Current Wisconsin Gov. Tony Evers (D-WI) told CNBC in July that the plant, which is set to open in May 2020, will only employ 1,500 workers to start instead of the more than 1,800 Foxconn promised.
These changes threaten the company’s ability to obtain the full slate of credits. To receive the full $2.85 billion in tax credits, the company must create 13,000 full-time jobs averaging an annual salary of $53,875 a year and invest $9 billion in the Mount Pleasant campus.
If Foxconn doesn’t meet those hiring or investment targets, the company stands to lose out on substantial subsidies. In fact, it already has.
According to CNBC, Foxconn only hired 156 workers in 2018, missing its target of 260 workers and causing the company to lose out on $10 million in credits.
It’s unclear if Foxconn will meet its 2019 minimum of 520 employees, though the company appears confident it will. If it doesn’t, the company will forfeit up to $222 million. In 2020, the company needs to fill 1,820 new jobs in order to secure $270 million in subsidies.
It’s not entirely surprising that Foxconn is missing its hiring targets; a 2019 Wisconsin state audit found that, on average, companies receiving Wisconsin subsidies create only approximately 35 percent of promised jobs.
Even if the company does succeed and hire 13,000 full-time workers as promised, the state would still have spent more than $219,000 to create each job.
“There’s no way this will ever pay itself off,” Tim Bartik, a senior economist at the W.E. Upjohn Institute for Employment Research, told Bloomberg earlier this year. Bartik said Foxconn’s incentives are more than 10 times greater than typical government aid packages of its stripe.
In his own interview with Bloomberg, Evers said he will push for more transparency to hold the company accountable to its promises, but admitted his powers are limited. Shortly before Evers took office in January, the Republican-controlled legislature passed a series of rules making it harder for him to back out of the Foxconn deal.
Neither Foxconn nor Evers responded to requests for comment for this story.
The ineffectiveness of subsidies
The findings of the Mercatus Center report appear to line up with criticisms of the deal.
By funneling subsidies to Foxconn, the report argues, the state is effectively raising taxes for other individuals or businesses, or reducing investment in public services, which discourages economic activity in other parts of the company.
The authors also pour cold water on the notion that the presence of Foxconn will spur additional growth in Wisconsin’s manufacturing sector.
“If, however, Wisconsin were already well suited to the tech manufacturing sector, then Foxconn would need no inducement to locate there in the first place,” they write.
The report concludes decisively that subsidies are not effective at spurring economic activity.
“Using Wisconsin’s Foxconn subsidies as an example, we have shown that under most plausible scenarios, the taxes funding the subsidies will discourage more economic activity than will be encouraged by the subsidies themselves,” the paper states. “In short, the net effect of targeted economic development subsidies is likely to be negative.”

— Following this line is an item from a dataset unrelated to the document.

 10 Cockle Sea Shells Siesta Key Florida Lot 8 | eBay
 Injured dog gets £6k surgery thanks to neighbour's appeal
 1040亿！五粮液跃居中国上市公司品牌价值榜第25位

Earlier this month, Wisconsin Department of Safety and Professional Services Secretary-designee Dawn Crim toured the Foxconn site in Mount Pleasant, conducting her second routine inspection of the facility.
“From everything I’ve seen and heard, things are moving along without hassle or delay, and our agency has been accessible and responsive to our customers and partners.” Crim said in a statement. “There is evident progress since the summer when I observed foundation work on the fabrication building. Everyone is putting their best foot forward, and everyone is working hard to make this a successful project for the region and state.”
While construction is moving forward, it remains to be seen whether Foxconn ultimately lives up to the terms of the full deal.
For its part, Foxconn continues to paint a rosy picture of the deal. On Dec. 6, Foxconn founder and former chairman Terry Gou attended the company’s holiday celebration in Milwaukee, where he spoke about the company’s future in the state.
“I’m committed to Wisconsin,” Gou said.